(DATA TO USE Opens)
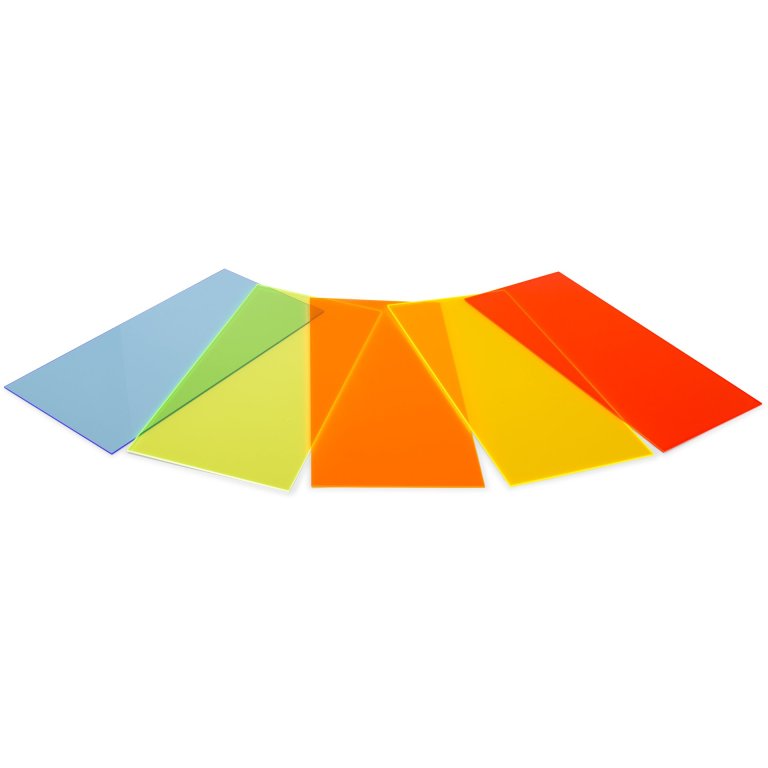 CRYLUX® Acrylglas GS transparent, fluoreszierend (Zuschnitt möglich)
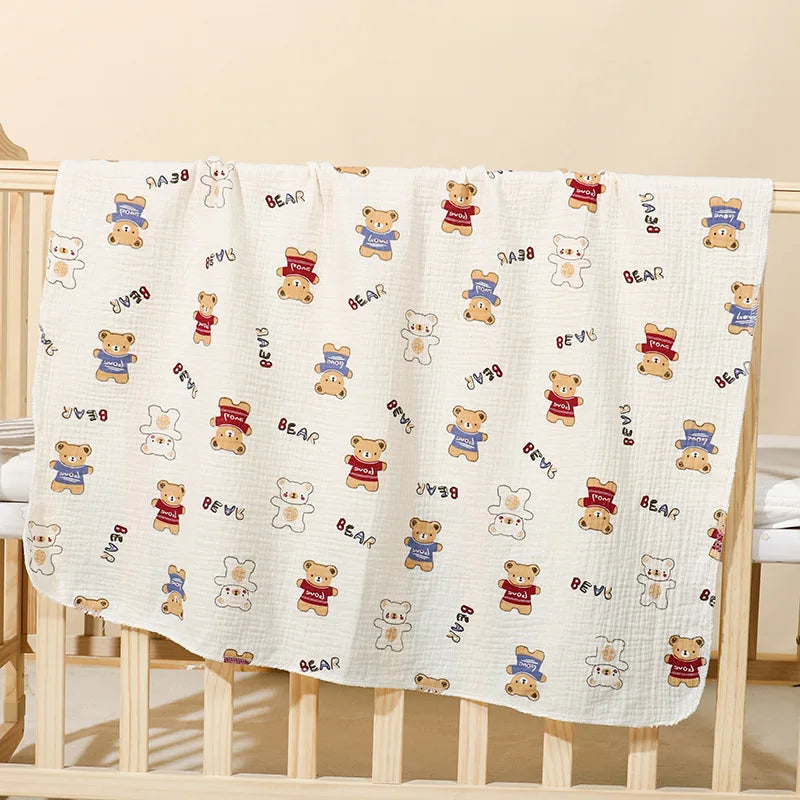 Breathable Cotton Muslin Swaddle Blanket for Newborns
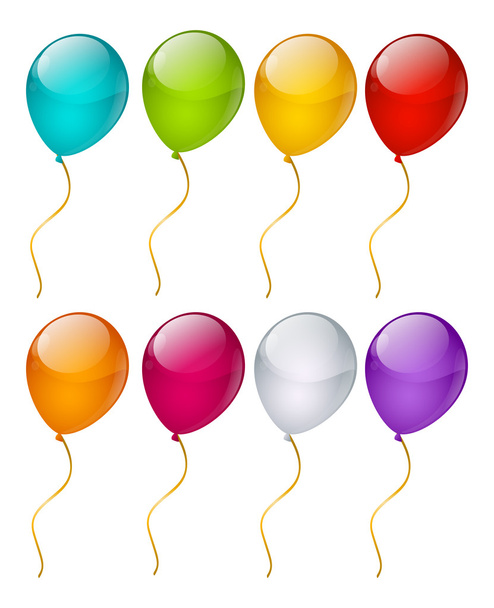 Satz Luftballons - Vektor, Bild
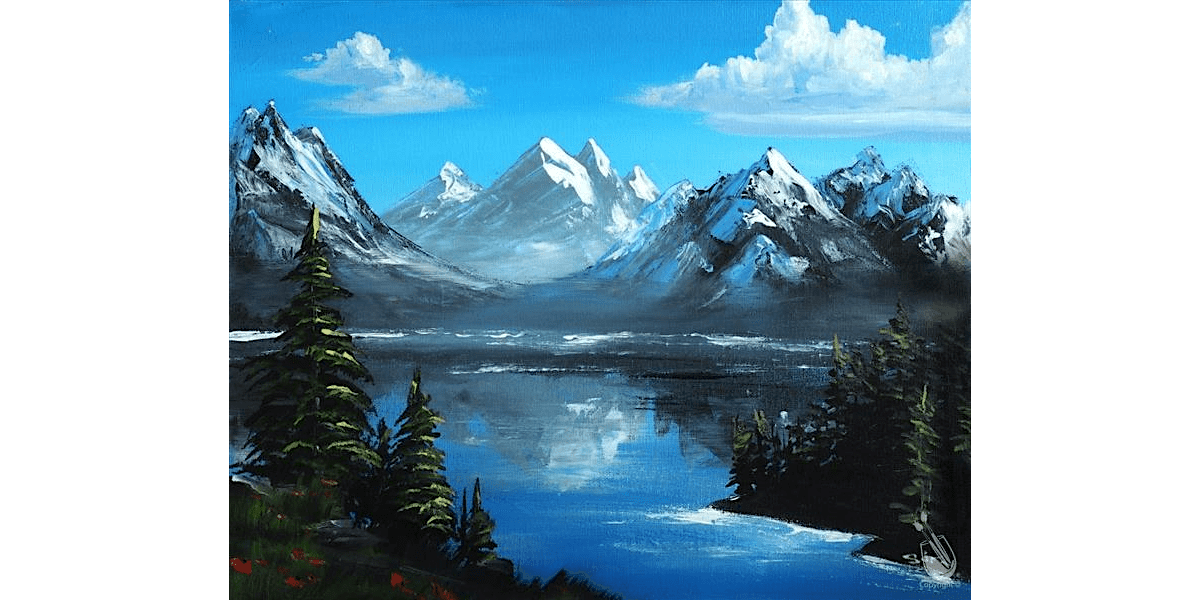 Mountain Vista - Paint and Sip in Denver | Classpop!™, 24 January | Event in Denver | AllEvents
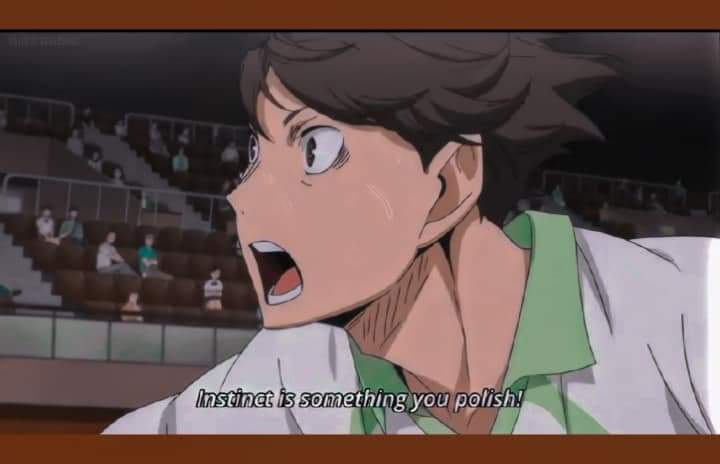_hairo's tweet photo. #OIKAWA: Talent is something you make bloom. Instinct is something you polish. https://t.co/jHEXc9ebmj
(DATA TO USE Closes)
WHAT IS BEING ASKED.
Give the data again exactly, image-free.

RESULT OF THIS EXERCISE.
 CRYLUX® Acrylglas GS transparent, fluoreszierend (Zuschnitt möglich)
 Breathable Cotton Muslin Swaddle Blanket for Newborns
 Satz Luftballons - Vektor, Bild
 Mountain Vista - Paint and Sip in Denver | Classpop!™, 24 January | Event in Denver | AllEvents
_hairo's tweet photo. #OIKAWA: Talent is something you make bloom. Instinct is something you polish. https://t.co/jHEXc9ebmj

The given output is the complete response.